Actualmente, Chema vive con una pensión que le permite cierta estabilidad. Pero su mirada está puesta en lo que viene: “Vivimos en una casa con dos plantas. Pero sé que llegará un día en que no podré subir escaleras. Tendremos que mudarnos a una casa de una sola planta”. Lleva muleta por seguridad, está pendiente de una operación por dos hernias y un menisco dañado, y sigue un tratamiento semanal en el hospital de Cáceres. “A nosotros, un constipado nos puede llevar a una neumonía”, advierte. “Para nosotros, un problema pequeño se puede agravar mucho”.
Y, aun así, no deja de repetir lo que para él es una máxima vital: “Nunca he permitido que nadie me ponga un límite. Siempre me lo he puesto yo”.
MPS Lisosomales: la asociación como motor de cambio
Desde la otra cara de esta realidad, Jordi Cruz aporta la visión colectiva. Como director de la Asociación MPS Lisosomales, ha visto crecer una entidad que comenzó enfocada en investigación básica y que hoy apuesta por una atención integral a las personas. “Lo que antes no existía, ahora se puede construir”, afirma.
La asociación agrupa a cerca de 1.700 socios y abarca más de 70 enfermedades lisosomales distintas. Con sede en Esplugues de Llobregat (Barcelona), funciona como centro neurálgico de una red nacional e internacional. Desde fisioterapia hasta talleres de humor con monologuistas, el objetivo es claro: mejorar la calidad de vida de las personas. “Intentamos que rían, que vivan, que se sientan bien”, resume.

El trabajo, reconoce, no es fácil. Muchas MPS tienen componentes neurodegenerativos, lo que complica la autonomía y requiere un abordaje individualizado. Por eso, el testimonio de pacientes como Chema es tan valioso: porque demuestra que sí se puede. “Necesitamos apoyos”, insiste Cruz. “Porque empoderar a los pacientes no es solo escucharlos; es darles las herramientas para que, por fin, lideren su camino”.

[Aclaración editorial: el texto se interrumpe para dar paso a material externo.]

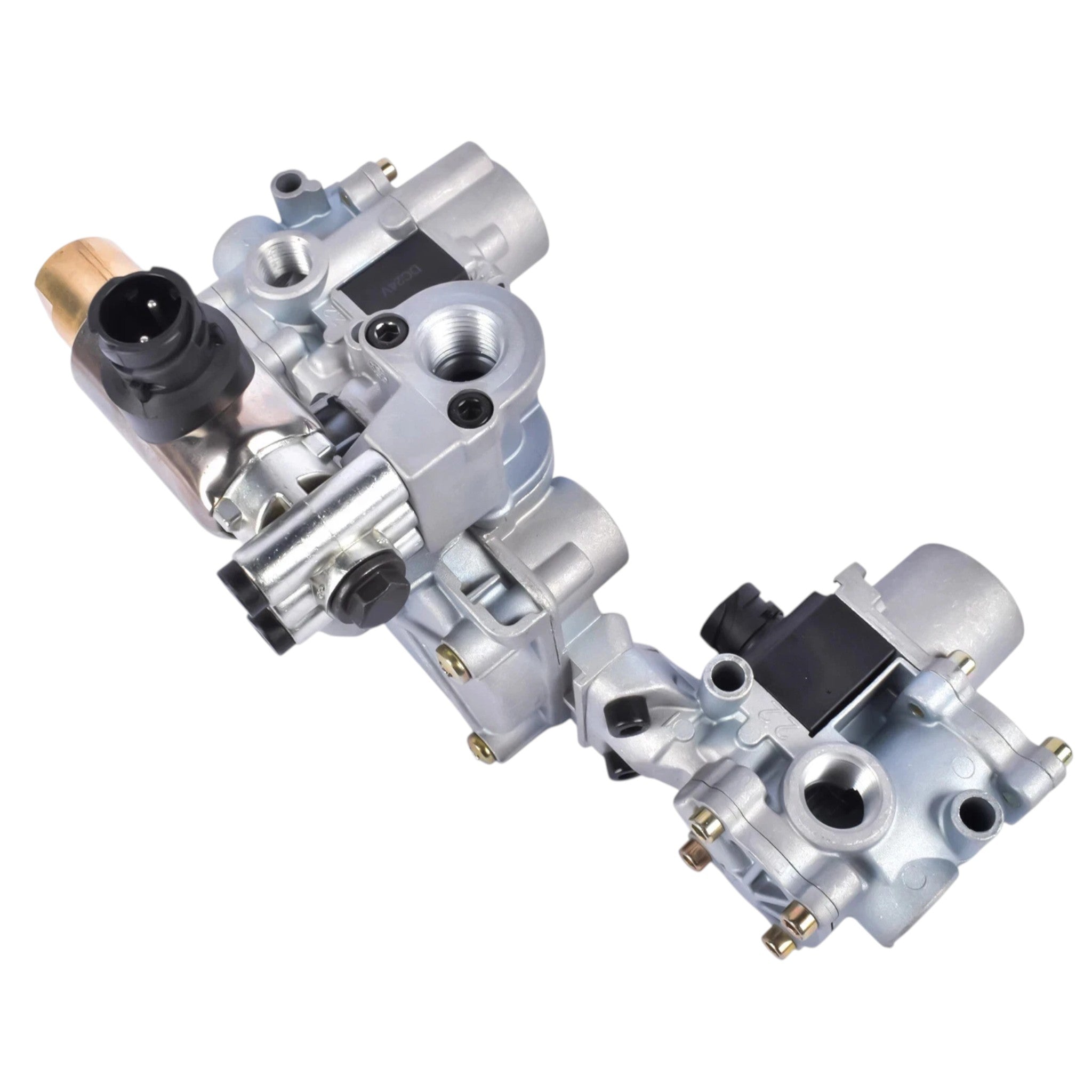 20421945 Genuine Wabco ABS Valve Modulator Package 24V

Y es que, la historia de Chema no es la historia de una enfermedad rara, sino la de una voluntad ejemplar. Es la historia de un hombre que ha elegido vivir plenamente, no a pesar de sus limitaciones, sino con ellas. “Muchas cosas que incluso personas sin mi enfermedad no han podido hacer, yo sí. Si hubiera hecho siempre caso a los médicos, quizá no estaría como estoy. A veces me ha salido bien, otras no. Pero soy como soy”.
Y en ese “soy como soy” hay una afirmación poderosa. Porque, como dice Jordi, “lo que antes no existía, ahora se puede construir”. Y Chema, con cada paso, cada esfuerzo, lo está construyendo.